Üç açıdan normal bir açıklama…
1-Halk Partisi her zamanki gibi “Halkın tercihine” saygı duymuyor.
2-“Bizim halktaki karşılığımız aslında yüzde 2`den fazla değil” demek istiyor.
3-Kılıçdaroğlu, hiç darbe sopası yemediği için söyledikleri klasik bir CHP`li için normal. Mesela Baykal kızar, bağırır-çağırırdı; ama böyle bir şey söylemezdi, çünkü darbe sopası yemişti.
Milorad Dodik (Sırp Cumhuriyeti Başkanı):
“IŞİD`in baş editörünün Aliya İzzetbegovi olduğunu herkes çok iyi biliyor. Aliya İzzetbegoviç›in yazdığı İslamî Manifesto`yu okursanız, IŞİD`in Suriye ve Irak`ta uyguladığı şeyleri anlattığını görürsünüz: Şeriat ve onların tarafında olmayanlara sıfır acıma. (…) Aliya İzzetbegoviç, 1970`te yazdığı ‘İslamî Manifesto`da, modern düzene karşı Panislamist ve İslami düzenin taraftarı, Batı ilericilerinin karşıtı olarak karşımıza çıkıyor.

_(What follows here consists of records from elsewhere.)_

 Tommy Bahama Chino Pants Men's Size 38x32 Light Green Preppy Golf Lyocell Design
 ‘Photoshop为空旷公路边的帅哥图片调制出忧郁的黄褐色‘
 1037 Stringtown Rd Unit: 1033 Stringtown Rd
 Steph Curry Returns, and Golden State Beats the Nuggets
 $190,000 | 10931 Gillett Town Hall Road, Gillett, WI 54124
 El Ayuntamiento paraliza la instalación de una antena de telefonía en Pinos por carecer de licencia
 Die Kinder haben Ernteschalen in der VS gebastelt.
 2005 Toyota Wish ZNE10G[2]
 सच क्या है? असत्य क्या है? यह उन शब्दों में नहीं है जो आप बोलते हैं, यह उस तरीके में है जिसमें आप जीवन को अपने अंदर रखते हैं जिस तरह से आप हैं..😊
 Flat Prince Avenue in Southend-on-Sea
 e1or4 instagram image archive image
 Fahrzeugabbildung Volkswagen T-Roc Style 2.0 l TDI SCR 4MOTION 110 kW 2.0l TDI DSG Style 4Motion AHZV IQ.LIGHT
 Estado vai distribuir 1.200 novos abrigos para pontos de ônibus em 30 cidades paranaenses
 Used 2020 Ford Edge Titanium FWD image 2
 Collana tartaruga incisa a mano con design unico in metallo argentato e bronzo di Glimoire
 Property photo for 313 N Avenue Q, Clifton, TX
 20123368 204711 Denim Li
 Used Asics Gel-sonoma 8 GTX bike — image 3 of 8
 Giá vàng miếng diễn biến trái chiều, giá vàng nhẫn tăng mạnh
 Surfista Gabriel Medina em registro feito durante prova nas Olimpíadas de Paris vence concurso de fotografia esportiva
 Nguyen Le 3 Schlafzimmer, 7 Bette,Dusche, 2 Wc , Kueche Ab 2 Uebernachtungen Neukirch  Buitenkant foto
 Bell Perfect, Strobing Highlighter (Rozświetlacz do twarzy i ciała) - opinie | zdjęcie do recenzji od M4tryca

Örneğin, Türkiye`nin İslam devletiyken tüm dünyaya hüküm sürdüğünü ifade eden Boşnak lider, “Avrupa aşırması olarak Türkiye, dünyada yüzlercesi olan üçüncü sınıf ülkesidir” demişti.”
Bu Çetnik köpeği, IŞİD üzerinden kendini aklamaya mı çalışıyor, ben mi yanlış anlıyorum!
Toplu kıyımları, kimi yerleşim yerlerinde 14-65 yaş arası tüm erkeklerin öldürüldüğünü, tecavüzleri, insan suretindeki sırtlanları unuttuğumuzu mu sanıyor?
Aliya İzzetbegoviç gibi insanlığın vicdanı diyebileceğimiz biriyle aynı coğrafyayı paylaşıyor olmaktan dolayı gururlanması gerekirken yaptığı terbiyesizliğe bak! Ama kabul etmek lazım, yamyamlığın zirvesinde yaşayanların insanlığın zemin seviyesini bile anlamasına imkân yok!
Izzetbegoviç`in Türkiye ile ilgili sözleri ise tek kelimeyle muhteşem!
Sırrı Süreyya Önder (HDP milletvekili): “Selahattin Demirtaş, Figen Yüksekdağ ve milletvekillerimiz, kaçma şüpheleri var diye değil, bu topraklarda yaşama ısrarlarından, bu toprakları bir gülistana çevirme iradelerinden dolayı içerideler.”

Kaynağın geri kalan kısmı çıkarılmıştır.